Update: the root of your problem seems to be that you are running an ext4 filesystem with journaling disabled - has_journal is missing from the Filesystem features list. Just shut down all services, check if anything still has open files using lsof +f -- /, remount your root partition read-only with mount -o remount,ro /, enable the journal with tune2fs -O has_journal /dev/sda1 and set up the "ordered" journal mode as the default mount option using tune2fs -o journal_data_ordered /dev/sda1 - you will have to re-run fsck (preferably from a rescue system) and remount root / reboot after this operation.

With these settings in place, the metadata is guaranteed to be recoverable from the journal even in the event of a sudden power failure. The actual data is also consistently written to disk, although you may see data of several seconds before the power outage lost on bootup. If this is not acceptable, you might consider using the tune2fs -o journal_data /dev/sda1 mount option with your filesystem - this would include all data written to disk in the journal - this obviously would give you better data consistency but at the cost of a performance penalty and a higher wear level on your SSD.


The write cache suggestion is a good start but this sounds like an architectural design flaw. On an embedded system the internal flash should probably NOT be mounted R/W except in rare circumstances. You should really be doing most of the work in a memory filesystem and syncing changes back to the RW flash upon some user command or regular interval. It is really uncommon for an embedded system to use a regular filesystem (like ext4) in rw mode during normal operation. If there is some application requirement where you need lots of storage space you should consider having your system partition be different and designing it such that the data partition can be fsck -y'ed as part of startup.
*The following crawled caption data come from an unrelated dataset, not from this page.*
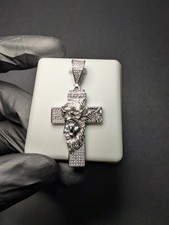 Solid 925 Sterling Silver VVS D Moissanite Medium Jesus Piece Cross Pendant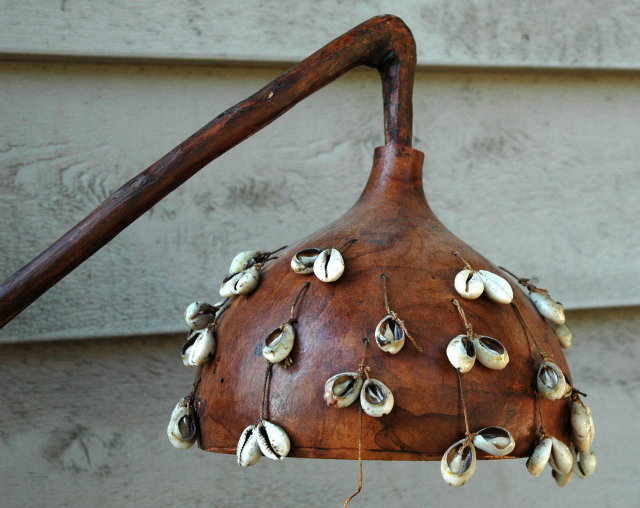 Gourd Rattle with Cowrie Shell Dangle-- Primitive **PRICE REDUCTION**!!
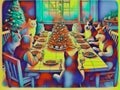 A table with a Christmas dinner for dogs, cats and the owner. AI generated. Illustration.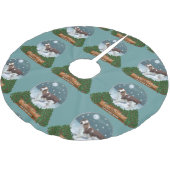 Welsh Springer Spaniel Weihnachten Polyester Weihnachtsbaumdecke (Schrägansicht)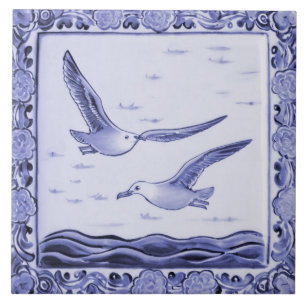 Blue and White Sea gulls Ocean Seagull Birds Tile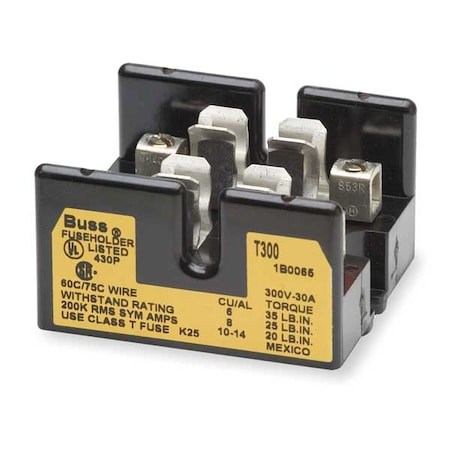 Open Fuse Block, T UL Class, 300V AC/DC Volt Rating, 2 Poles, Box Lug
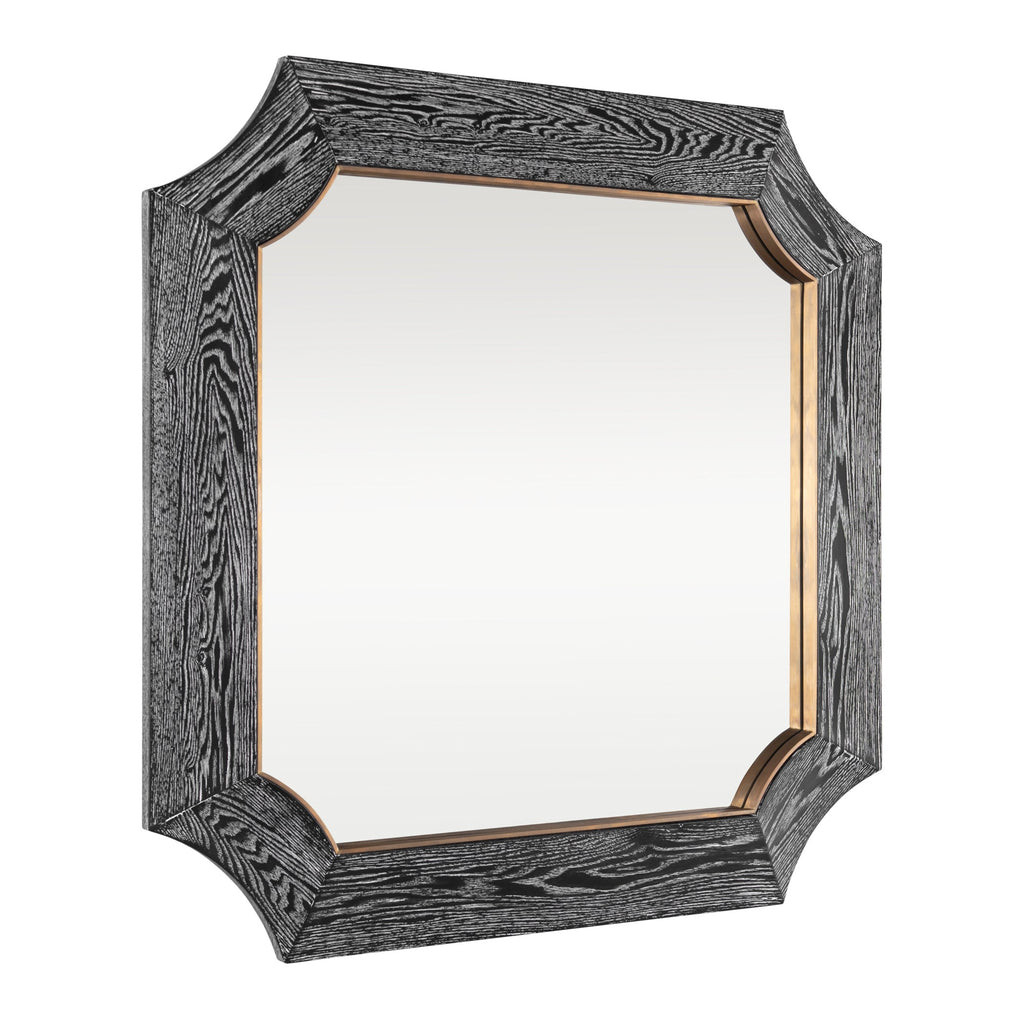 Farra 36x36 Wall Mirror - Cerused Black/Weathered Brass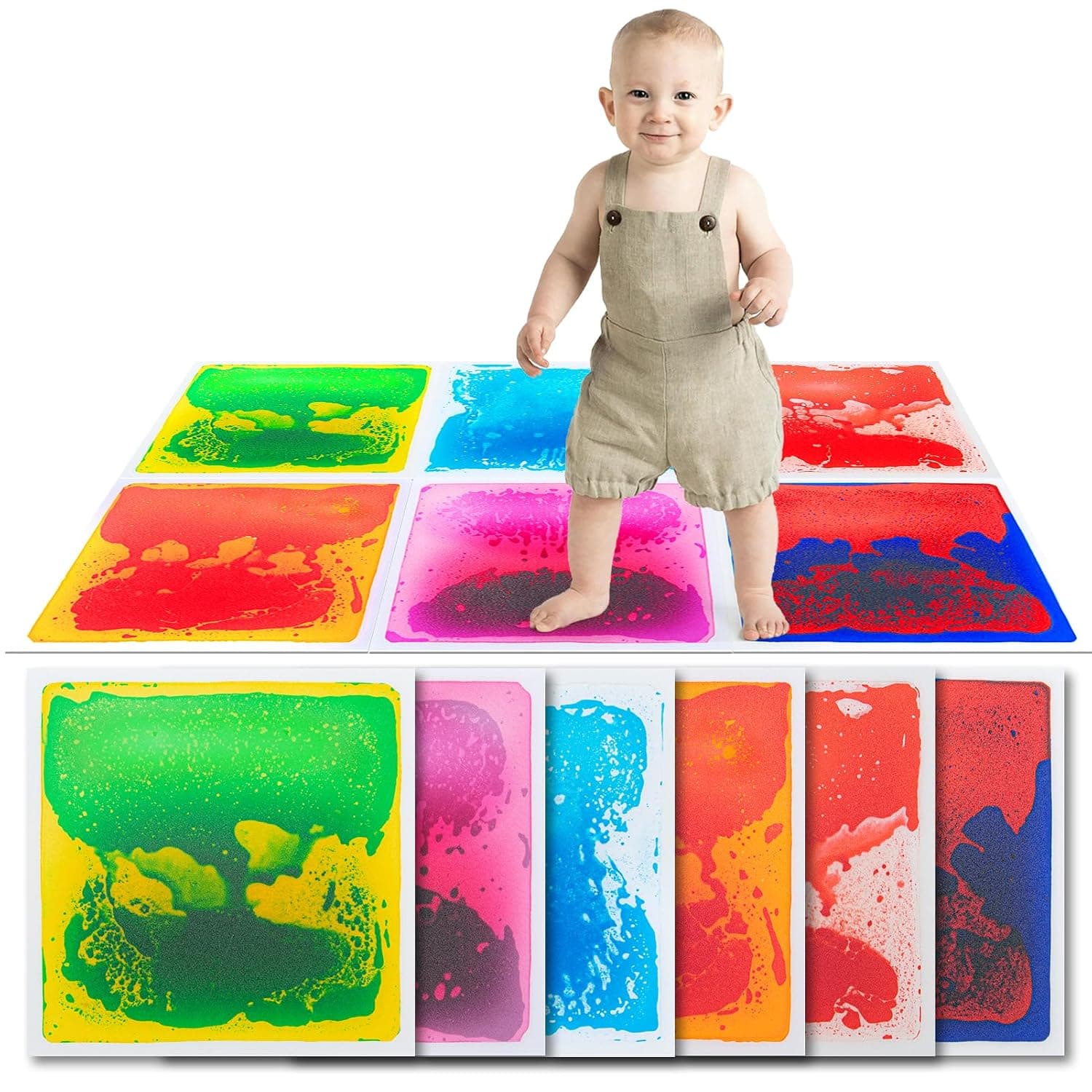 Art3d 6-Pack Square Liquid Sensory Floor Activity Tiles, 11.8 x 11.8 Inch | Waterproof, Anti-Slip, Boost Focus, Color Recognition, Easy to Clean, Suit Little Kids & Teens, Ideal for Home, School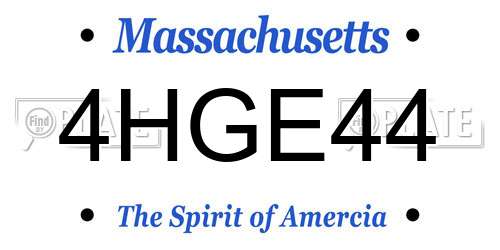 4HGE44 Massachusetts License Plate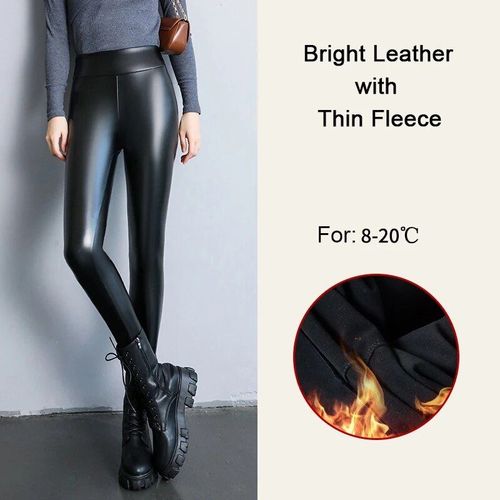 Biviincome Os-Leggings En Cuir Pu Velours Taille Haute Pour Femme,Pantalons En Cuir Chauds,Optique Sexy,Sourire 256,Automne Et Hiver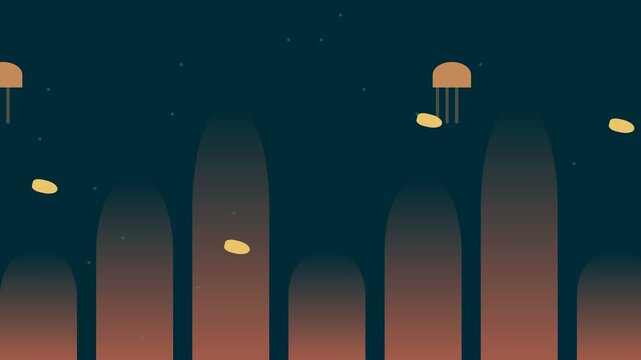 Animated Jellyfish Swimming Through Abstract Underwater Cityscape Environment.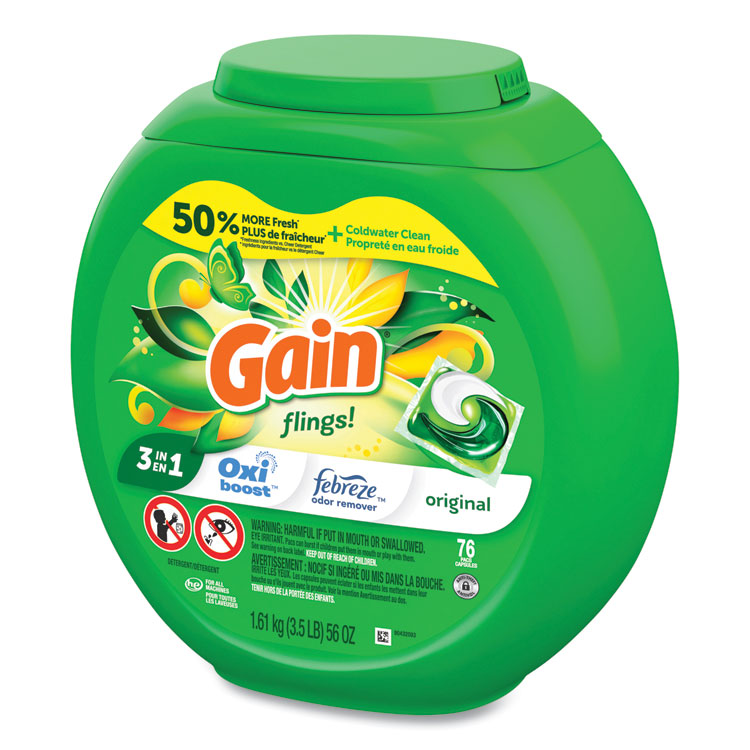 Flings Detergent Pods, Gain Original Scent, 76 Pods/Tub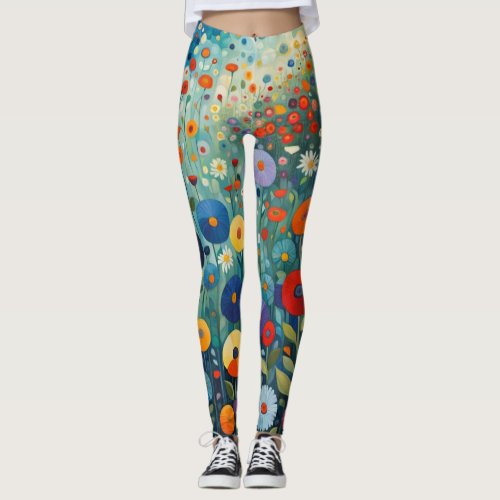 Whimsical Wildflower Pattern Leggings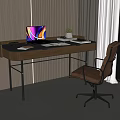 Modern Home Office Desk And Chair Set With Wooden Top Metal Frame And Leather Seat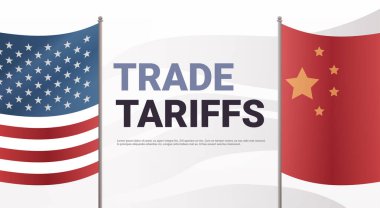 ABD ve Çin bayrakları çatışma konsepti çizimi ticareti yapıyor. Soyut geçmişe sahip direkler üzerinde Amerikan ve Çin bayrakları. Vektör illüstrasyonu.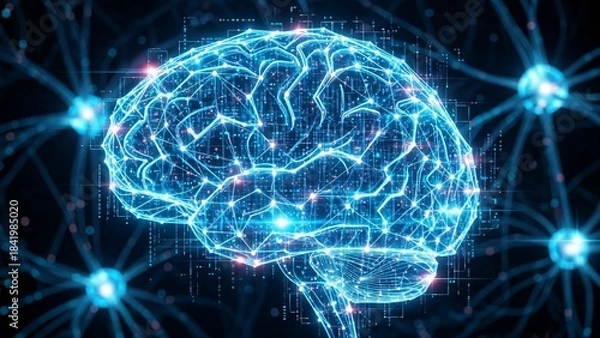 Fototapeta Digital Brain with Glowing Neurons and Neural Network Connections.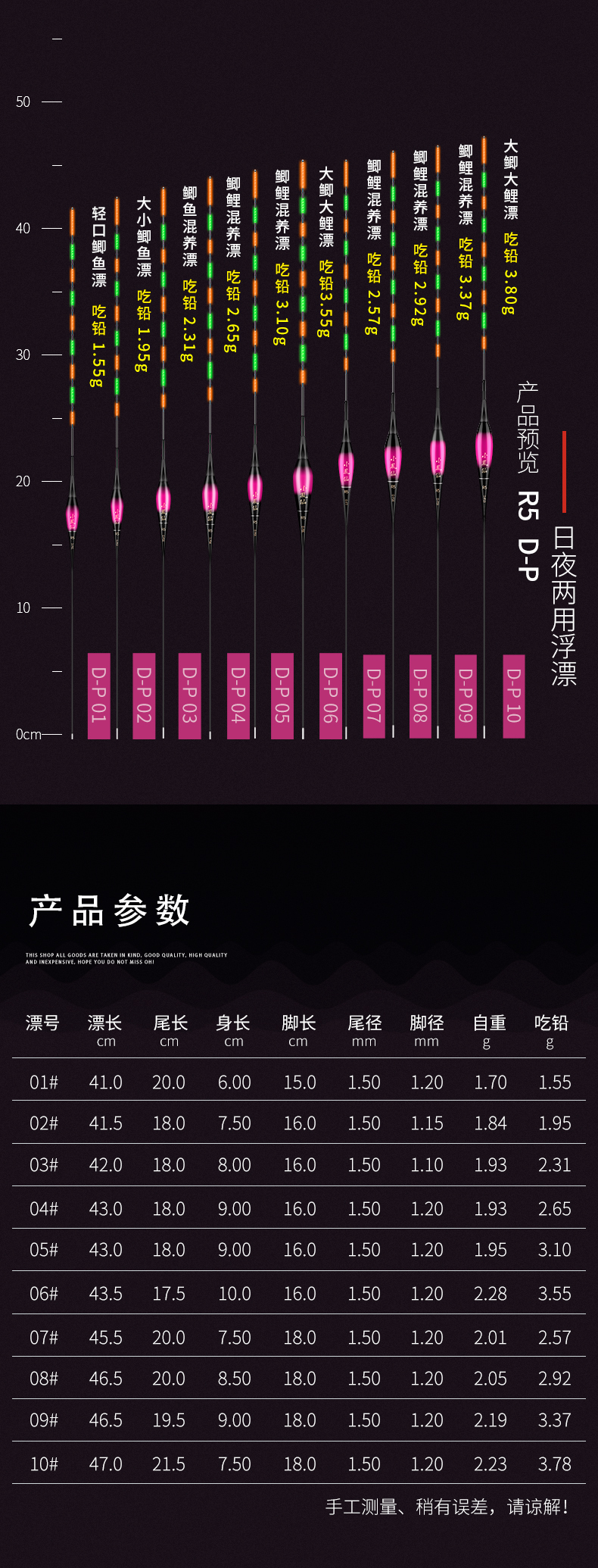 卡瑟龙浮漂十大品牌日夜两用鲫鱼电子鱼漂夜光漂咬钩变色高灵敏度dp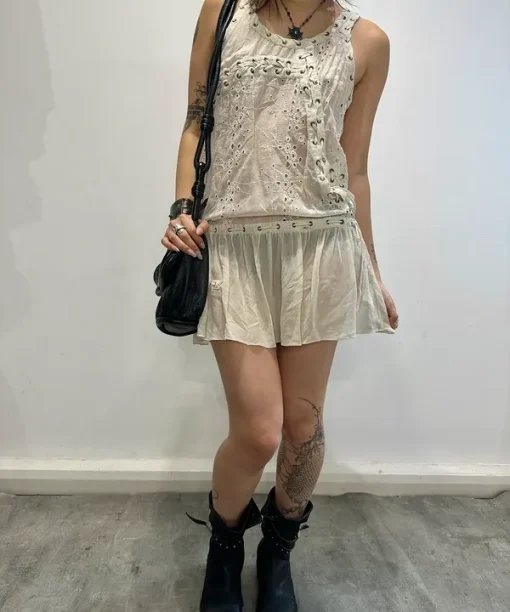 Alternative view of Vintage AllSaints Silk Coquette Milkmaid Lace Up Mini Dress (XS/S)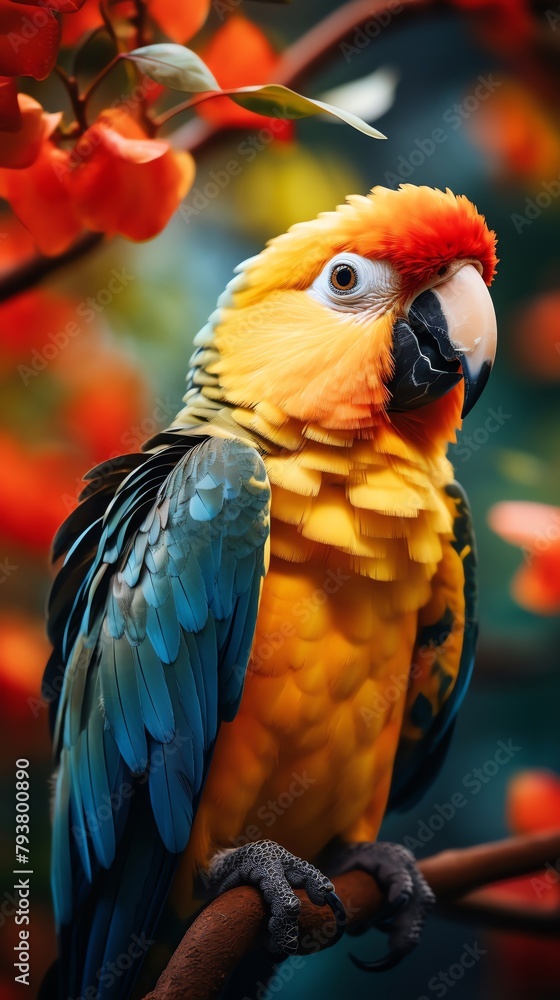Obraz premium colorful parrot, perched on a vibrant tropical tree, mimicking sounds, in a lush rainforest, atmosphere of exoticism and color, closeup photography style, avoid showing caged environments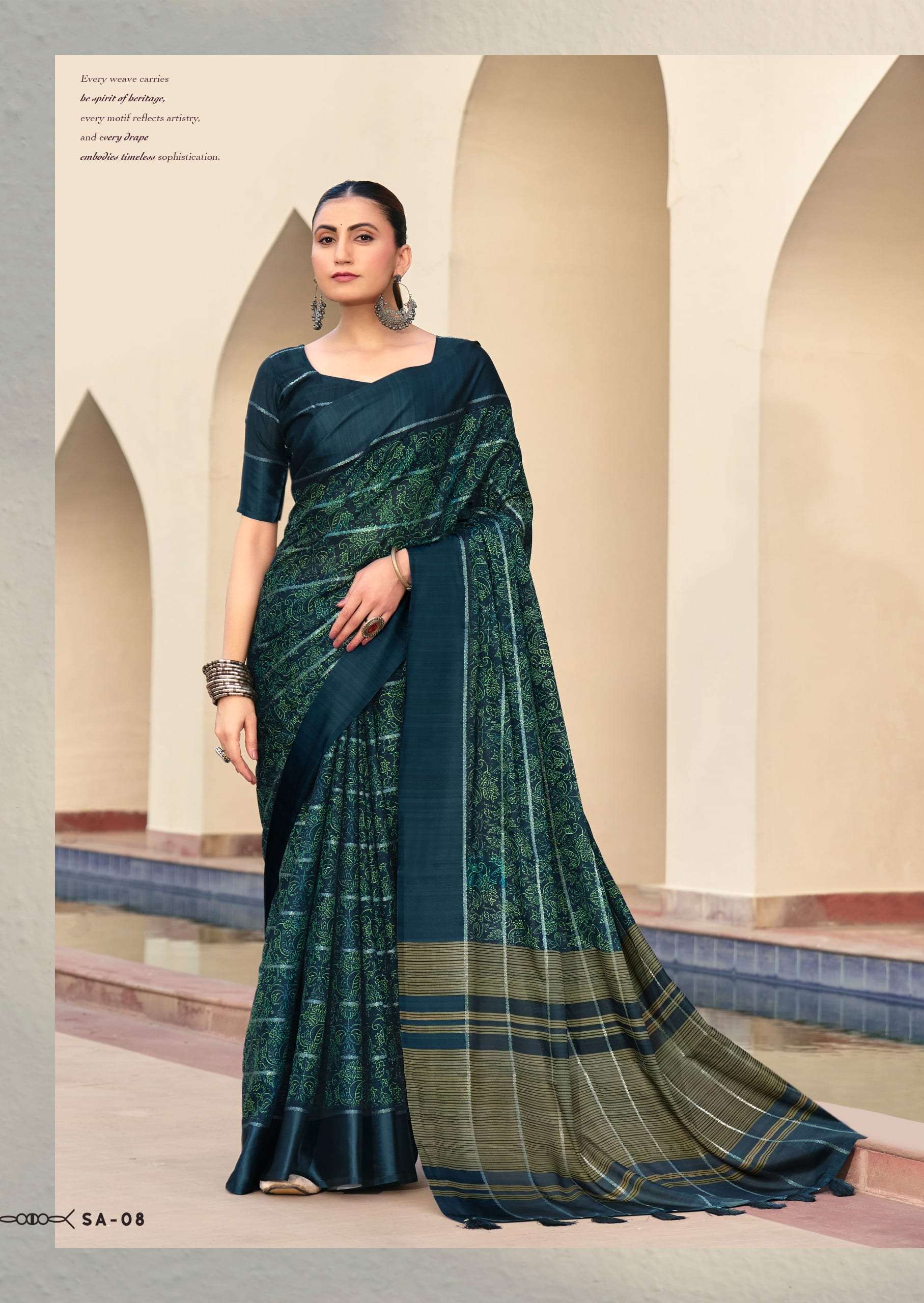 SHREYANS FASHION SINDH CREAP ART Crepe Silk Sarees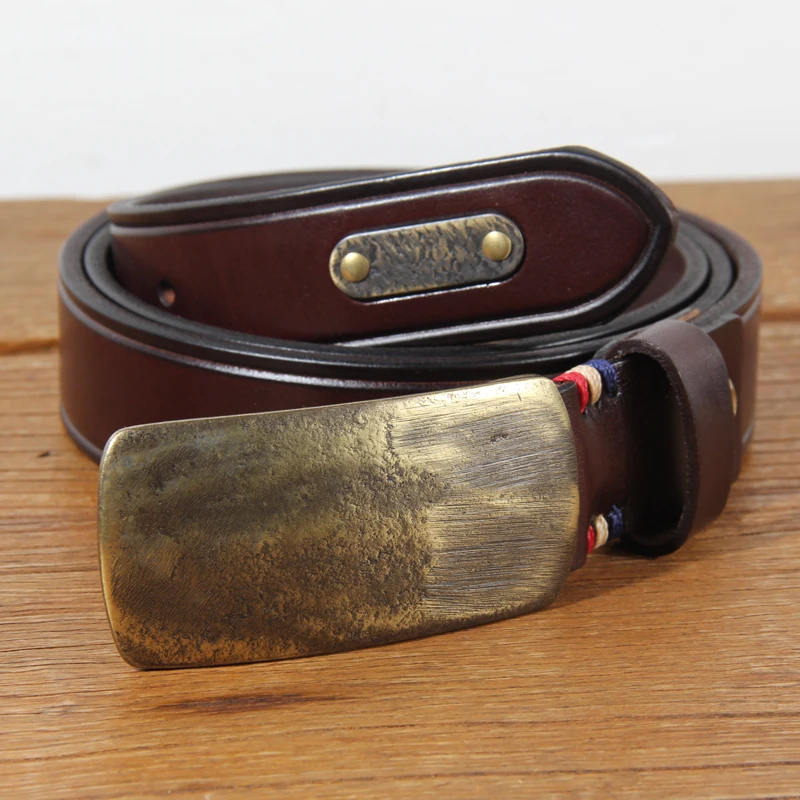 Casual Men's Belt personalized Brass Hand-forged Plate Buckle Men's Jeans Waist Belt Top Layer Cowhide Designer Genuine Belt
If you need some starting points I would look at how people setup Diskless Linux systems:

http://frank.harvard.edu/~coldwell/diskless/

and start from there. The general idea is that your system binaries and data can be mounted read-only so your filesystem won't be corrupted. However you need to be able to write to certain areas, so you need something to usually memory filesystem /tmp, /var/tmp. Even if certain things need to be writable you just create a script to mount the partition as r+w and then commit the changes, then go back to read-only.

A really great example of this is the Cyclades hardware, its embedded linux and whenever you make configuration changes you have to execute a save script which actually rebundles the configs and writes them out to the flash.